### Problem description
All of the records must be set down again word for word.

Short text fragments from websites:
[Start of Attachment]
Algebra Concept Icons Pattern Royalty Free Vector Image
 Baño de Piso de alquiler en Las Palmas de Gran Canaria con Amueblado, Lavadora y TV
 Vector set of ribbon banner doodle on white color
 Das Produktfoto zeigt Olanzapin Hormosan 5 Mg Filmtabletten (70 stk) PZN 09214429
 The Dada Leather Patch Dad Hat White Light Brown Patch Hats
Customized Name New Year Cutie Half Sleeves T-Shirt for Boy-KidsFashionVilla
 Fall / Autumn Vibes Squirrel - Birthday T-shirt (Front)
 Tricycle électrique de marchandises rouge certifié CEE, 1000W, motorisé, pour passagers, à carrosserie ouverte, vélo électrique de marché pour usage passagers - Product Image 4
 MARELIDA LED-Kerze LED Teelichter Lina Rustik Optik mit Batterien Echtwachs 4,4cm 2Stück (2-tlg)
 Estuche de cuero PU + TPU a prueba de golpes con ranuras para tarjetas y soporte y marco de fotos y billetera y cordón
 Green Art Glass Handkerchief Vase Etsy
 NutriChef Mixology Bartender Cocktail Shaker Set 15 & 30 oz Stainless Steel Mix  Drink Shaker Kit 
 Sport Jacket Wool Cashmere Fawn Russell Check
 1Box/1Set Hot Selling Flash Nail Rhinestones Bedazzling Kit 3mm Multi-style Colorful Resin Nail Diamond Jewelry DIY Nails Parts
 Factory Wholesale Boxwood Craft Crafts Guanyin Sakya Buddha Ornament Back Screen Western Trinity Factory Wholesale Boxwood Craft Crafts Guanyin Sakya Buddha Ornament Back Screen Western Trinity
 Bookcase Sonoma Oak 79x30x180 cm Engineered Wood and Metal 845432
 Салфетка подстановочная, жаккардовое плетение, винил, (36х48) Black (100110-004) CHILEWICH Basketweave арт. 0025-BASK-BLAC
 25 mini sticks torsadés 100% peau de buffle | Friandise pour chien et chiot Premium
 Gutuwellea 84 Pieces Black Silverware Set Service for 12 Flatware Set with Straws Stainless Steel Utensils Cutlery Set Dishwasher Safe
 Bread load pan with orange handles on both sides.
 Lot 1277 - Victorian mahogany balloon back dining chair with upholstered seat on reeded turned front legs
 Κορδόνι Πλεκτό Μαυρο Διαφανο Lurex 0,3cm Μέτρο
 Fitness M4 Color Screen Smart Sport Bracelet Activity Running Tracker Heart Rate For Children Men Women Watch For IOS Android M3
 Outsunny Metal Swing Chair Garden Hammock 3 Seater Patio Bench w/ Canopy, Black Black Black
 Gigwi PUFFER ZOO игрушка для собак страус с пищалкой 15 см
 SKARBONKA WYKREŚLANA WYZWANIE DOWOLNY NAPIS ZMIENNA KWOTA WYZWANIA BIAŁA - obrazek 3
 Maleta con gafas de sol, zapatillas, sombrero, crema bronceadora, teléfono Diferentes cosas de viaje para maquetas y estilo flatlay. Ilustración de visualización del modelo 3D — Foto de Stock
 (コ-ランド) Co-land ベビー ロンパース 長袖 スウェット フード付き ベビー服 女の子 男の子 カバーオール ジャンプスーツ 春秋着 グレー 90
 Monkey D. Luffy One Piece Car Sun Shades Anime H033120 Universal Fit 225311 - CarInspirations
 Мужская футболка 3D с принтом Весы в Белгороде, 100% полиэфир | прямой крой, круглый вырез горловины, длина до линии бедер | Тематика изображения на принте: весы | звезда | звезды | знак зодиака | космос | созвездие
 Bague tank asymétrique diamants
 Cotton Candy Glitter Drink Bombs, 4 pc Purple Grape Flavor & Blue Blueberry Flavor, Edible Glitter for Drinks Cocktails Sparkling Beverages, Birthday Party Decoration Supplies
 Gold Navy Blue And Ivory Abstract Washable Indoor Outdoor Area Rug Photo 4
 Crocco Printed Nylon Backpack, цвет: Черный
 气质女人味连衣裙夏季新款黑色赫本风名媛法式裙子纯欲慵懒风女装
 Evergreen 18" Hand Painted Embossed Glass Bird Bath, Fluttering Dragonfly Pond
[End of Attachment]
### Solved problem
Algebra Concept Icons Pattern Royalty Free Vector Image
 Baño de Piso de alquiler en Las Palmas de Gran Canaria con Amueblado, Lavadora y TV
 Vector set of ribbon banner doodle on white color
 Das Produktfoto zeigt Olanzapin Hormosan 5 Mg Filmtabletten (70 stk) PZN 09214429
 The Dada Leather Patch Dad Hat White Light Brown Patch Hats
Customized Name New Year Cutie Half Sleeves T-Shirt for Boy-KidsFashionVilla
 Fall / Autumn Vibes Squirrel - Birthday T-shirt (Front)
 Tricycle électrique de marchandises rouge certifié CEE, 1000W, motorisé, pour passagers, à carrosserie ouverte, vélo électrique de marché pour usage passagers - Product Image 4
 MARELIDA LED-Kerze LED Teelichter Lina Rustik Optik mit Batterien Echtwachs 4,4cm 2Stück (2-tlg)
 Estuche de cuero PU + TPU a prueba de golpes con ranuras para tarjetas y soporte y marco de fotos y billetera y cordón
 Green Art Glass Handkerchief Vase Etsy
 NutriChef Mixology Bartender Cocktail Shaker Set 15 & 30 oz Stainless Steel Mix  Drink Shaker Kit 
 Sport Jacket Wool Cashmere Fawn Russell Check
 1Box/1Set Hot Selling Flash Nail Rhinestones Bedazzling Kit 3mm Multi-style Colorful Resin Nail Diamond Jewelry DIY Nails Parts
 Factory Wholesale Boxwood Craft Crafts Guanyin Sakya Buddha Ornament Back Screen Western Trinity Factory Wholesale Boxwood Craft Crafts Guanyin Sakya Buddha Ornament Back Screen Western Trinity
 Bookcase Sonoma Oak 79x30x180 cm Engineered Wood and Metal 845432
 Салфетка подстановочная, жаккардовое плетение, винил, (36х48) Black (100110-004) CHILEWICH Basketweave арт. 0025-BASK-BLAC
 25 mini sticks torsadés 100% peau de buffle | Friandise pour chien et chiot Premium
 Gutuwellea 84 Pieces Black Silverware Set Service for 12 Flatware Set with Straws Stainless Steel Utensils Cutlery Set Dishwasher Safe
 Bread load pan with orange handles on both sides.
 Lot 1277 - Victorian mahogany balloon back dining chair with upholstered seat on reeded turned front legs
 Κορδόνι Πλεκτό Μαυρο Διαφανο Lurex 0,3cm Μέτρο
 Fitness M4 Color Screen Smart Sport Bracelet Activity Running Tracker Heart Rate For Children Men Women Watch For IOS Android M3
 Outsunny Metal Swing Chair Garden Hammock 3 Seater Patio Bench w/ Canopy, Black Black Black
 Gigwi PUFFER ZOO игрушка для собак страус с пищалкой 15 см
 SKARBONKA WYKREŚLANA WYZWANIE DOWOLNY NAPIS ZMIENNA KWOTA WYZWANIA BIAŁA - obrazek 3
 Maleta con gafas de sol, zapatillas, sombrero, crema bronceadora, teléfono Diferentes cosas de viaje para maquetas y estilo flatlay. Ilustración de visualización del modelo 3D — Foto de Stock
 (コ-ランド) Co-land ベビー ロンパース 長袖 スウェット フード付き ベビー服 女の子 男の子 カバーオール ジャンプスーツ 春秋着 グレー 90
 Monkey D. Luffy One Piece Car Sun Shades Anime H033120 Universal Fit 225311 - CarInspirations
 Мужская футболка 3D с принтом Весы в Белгороде, 100% полиэфир | прямой крой, круглый вырез горловины, длина до линии бедер | Тематика изображения на принте: весы | звезда | звезды | знак зодиака | космос | созвездие
 Bague tank asymétrique diamants
 Cotton Candy Glitter Drink Bombs, 4 pc Purple Grape Flavor & Blue Blueberry Flavor, Edible Glitter for Drinks Cocktails Sparkling Beverages, Birthday Party Decoration Supplies
 Gold Navy Blue And Ivory Abstract Washable Indoor Outdoor Area Rug Photo 4
 Crocco Printed Nylon Backpack, цвет: Черный
 气质女人味连衣裙夏季新款黑色赫本风名媛法式裙子纯欲慵懒风女装
 Evergreen 18" Hand Painted Embossed Glass Bird Bath, Fluttering Dragonfly Pond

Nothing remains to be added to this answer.